The Pot That Refuses to Melt

Article subtitle: 
Assimilation as a modern fairy tale
Article CAIRCO note: 
Societies are pliable ecosystems that adapt to changing demographics
Article publisher: 
White Papers Policy Institute and Arctotherium
Article date: 
11 April 2026
Article category: 
Our American Future
Medium
Article Body: 

Over the past several years, a growing number of writers - many working outside traditional institutions - have undertaken the difficult work of challenging and dismantling the dominant dogmas surrounding immigration. Much of that work has been scattered across essays, blog posts, and independent research.

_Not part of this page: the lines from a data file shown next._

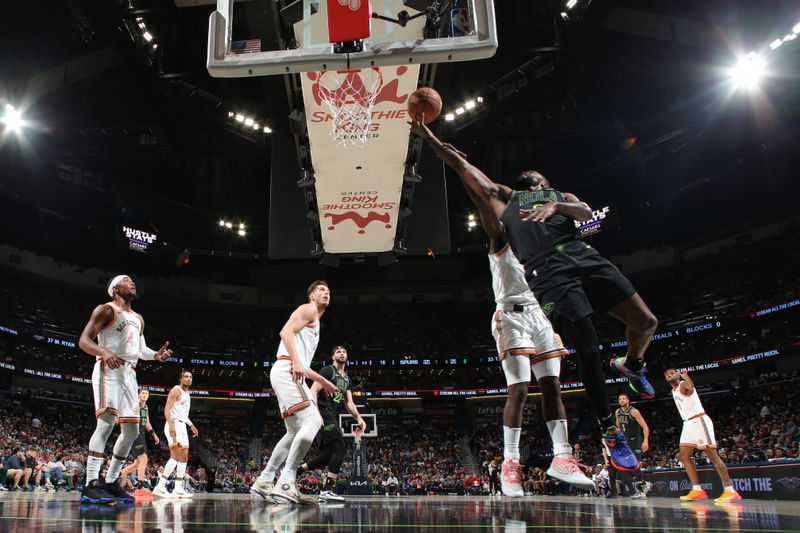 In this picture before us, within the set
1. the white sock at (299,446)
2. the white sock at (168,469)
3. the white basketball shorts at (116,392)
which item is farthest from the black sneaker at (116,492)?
the white sock at (168,469)

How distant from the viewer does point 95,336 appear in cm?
555

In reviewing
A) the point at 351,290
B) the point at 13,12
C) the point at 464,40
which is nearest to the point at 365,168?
the point at 464,40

... Modern political rhetoric often assumes that move a group across borders, change its institutions, disrupt its environment, and its social profile will quickly reconfigure. But history suggests otherwise. Group differences are stubbornly durable. Status, skills, norms, and behavioral patterns do not dissolve on contact with new soil. They persist...

The standard story of European assimilation during the Age of Mass Migration rests on a quiet omission: a very large share of European immigrants didn’t assimilate at all. They went home... This return migration was negatively selected - the poorer and less successful immigrants were the most likely to leave... America did not lift entire populations into the middle class, but instead retained those who were already capable of doing well and quietly shed the rest...

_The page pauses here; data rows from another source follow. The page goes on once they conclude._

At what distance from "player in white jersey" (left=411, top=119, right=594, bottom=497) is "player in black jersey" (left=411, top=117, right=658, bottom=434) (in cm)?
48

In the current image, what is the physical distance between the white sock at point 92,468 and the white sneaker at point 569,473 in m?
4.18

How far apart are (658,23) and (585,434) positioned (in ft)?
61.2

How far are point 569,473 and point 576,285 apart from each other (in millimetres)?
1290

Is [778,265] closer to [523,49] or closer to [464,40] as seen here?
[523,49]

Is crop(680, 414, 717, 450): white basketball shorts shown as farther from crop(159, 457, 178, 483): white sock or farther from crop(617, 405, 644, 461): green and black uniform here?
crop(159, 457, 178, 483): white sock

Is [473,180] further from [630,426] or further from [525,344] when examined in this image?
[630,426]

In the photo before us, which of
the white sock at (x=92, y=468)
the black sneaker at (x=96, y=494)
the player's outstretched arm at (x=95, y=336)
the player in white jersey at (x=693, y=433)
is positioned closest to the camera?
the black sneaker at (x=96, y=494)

This selection process matters because it radically alters how we interpret observed convergence...

This brings us to another truth about the Ellis Islander wave of immigration that is rarely spoken: nativists at the time were correct. They were correct about the political effects that these new arrivals would have. The 1880–1924 Ellis Island immigration wave entered a country with virtually no welfare state and, by historical standards, consisted of cognitively typical Europeans. But the descendants of this wave powered the New Deal and, more decisively, Lyndon Johnson’s Great Society, permanently shifting the American political equilibrium leftward.

Medicaid, Medicare, and the expansion of Social Security were not accidents; they were the predictable institutional expression of a transformed electorate, and the results are responsible for America’s fiscal woes. Any short-run cost-benefit analysis conducted in 1920 would have missed the point entirely...

The result was a durable "Europeanization" of American politics, replacing limited government and sectional coalitions with left-right ideological politics... there is a strong correlation between the fraction of immigrants in a county between 1910 and 1930 and support for state welfare spending...

Group differences persist strongly, regardless of who is favored, throughout the world. Racial disparities follow similar patterns in South America...

Hard assimilation is not real; immigrants and their descendants remain distinct from prior populations and never become statistically indistinguishable... Soft assimilation - when formerly different groups cease to experience each other as fundamentally alien - can happen. In the American case, European ethnics did eventually soft assimilate, which is why they are so often brought up by immigration advocates as successful models...

The United States did not preserve its original ethnocultural composition; it underwent ethnogenesis...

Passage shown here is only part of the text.